Writing: polarbear I will try all your great suggestions to identify root-cause better. For now the issue seems all of the above. Ha! Definitely grip issues though OT has improved. he is low muscle tone with motor planning issues and that is part of the issue. His fine motor is weak in some areas but others it is strong...and ?OT explained this better than I can but finger strength is very strong (Lego obsessed kid) so putty exercises and stuff he excels with...his posture when writing is poor. He uses the right side of his body only when writing. I will pay more attention to vision...he does look off to the side when talking to you at times ...in a processing and visual overload way.

Beery:
Beery VMI 100/50%
Visual Perception 93/32%
Motor coordination 102/55%

Reading: he was a late reader for a gifted child of his ability. In K...as a 6 year old...he had a strong preference to read by word recognition and context. Thus he would guess a tremendous amount based on first few letters of a word and picture/comprehension clues. His errors were skipping words, lines, missing simple,words like there, that, this...but getting very hard words like comprehension, velocity, etc because of his strong vocabulary. Because all phono tests showed above average results the though was a glitch happening between phonic awareness and decoding. The tutor used OG to specifically work on the phonic sounds he was missing and decoding strategies. He loved learning the phonic rules. He still struggles decoding names when reading and he will tell you people need to speed their kids names using the phonic rules...drives him batty. Of course I won't tell you his sisters name (it doesn't follow the rules...ha!)

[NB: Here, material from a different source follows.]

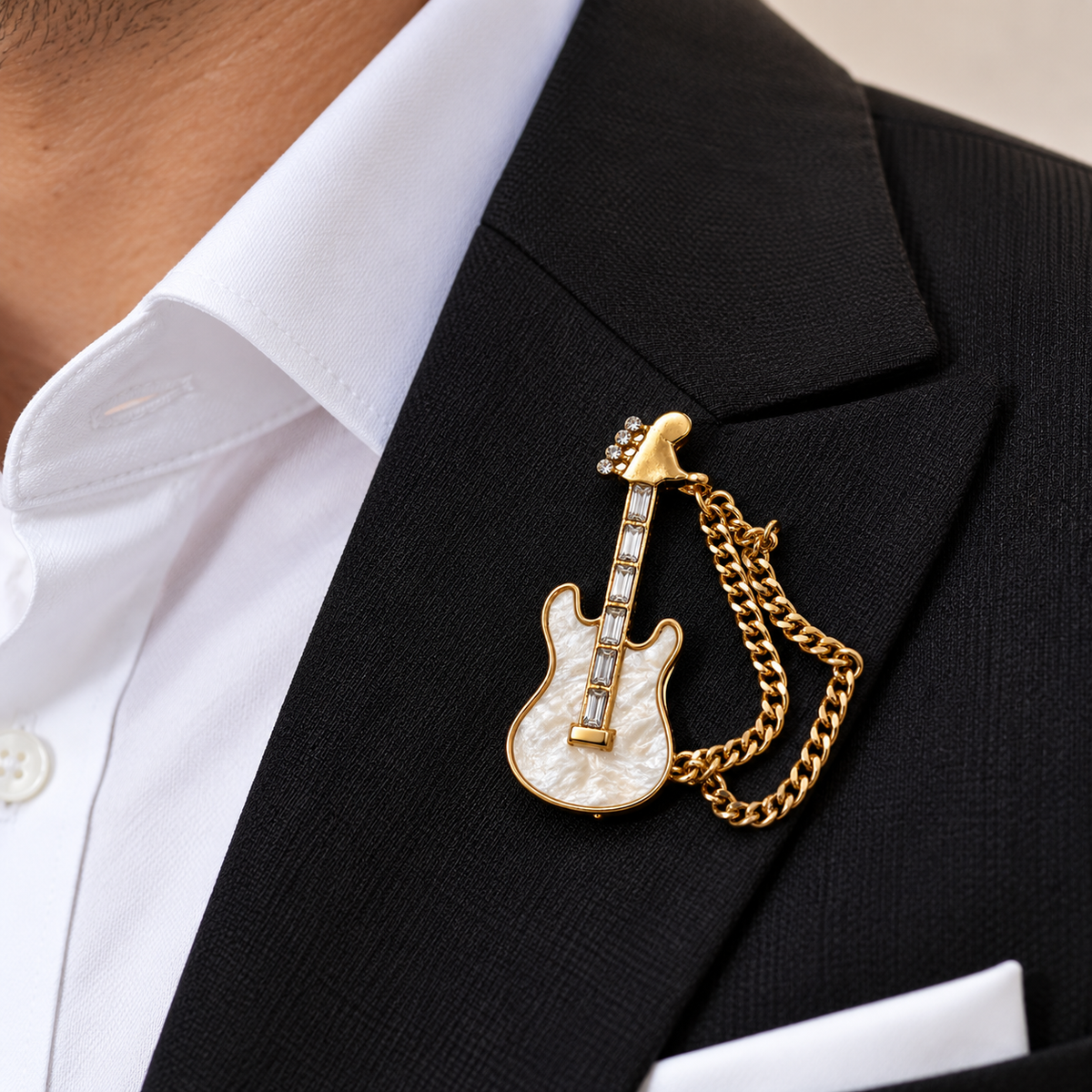 Albetro The Rockstar d'Or gold pearl guitar chain brooch on black suit lapel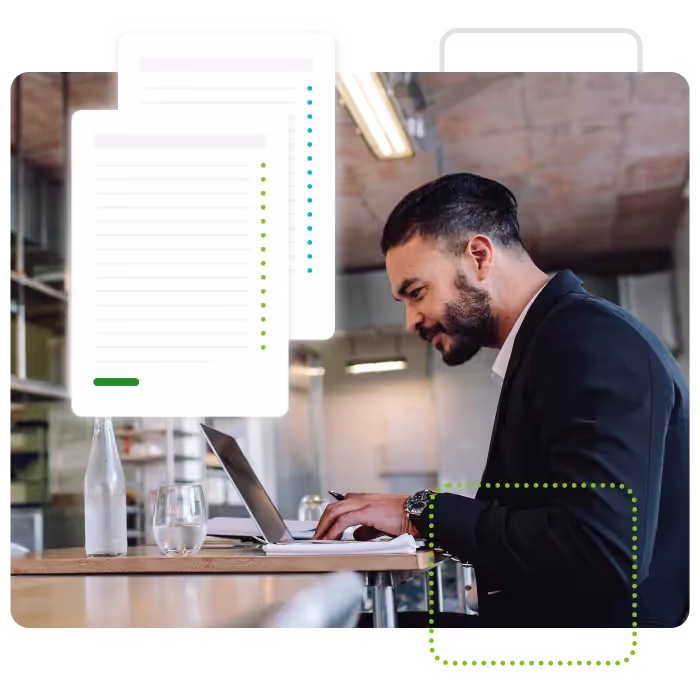 Man working on desktop at restaurant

What I want: tester gave me these recommendations..
1) continue reading out loud to ensure patterns detected for areas of gaps. But his reading is largely protected by his VCI and strong phonic awareness.
2) continue to teach him ways to compensate for reading struggles...like paying attention when things don't make sense. Highlighting key words in word problems, etc. this as protection for when reading demands become more technical.
3) provide audio books to ensure comprehension skills are practiced without taxing reading fluency. Also to ensure he is getting I out at ability level even though reading level may not match.
4) continue OT for next year. OT did handwriting without tears and finished so now working on motor planning/ gross motor skills.
5) Put keyboarding accommodations and timing accommodations in place due to processing and motor graphia issues.

And then stuff in enriching and she recommended we try EPGy for math to take pressure of writing and fluency and see how he does with concept and calculation enrichment.

Based on that it sounds as if a 504 is my better bet. As I'm wanting more accommodations and happy to keep tutoring private.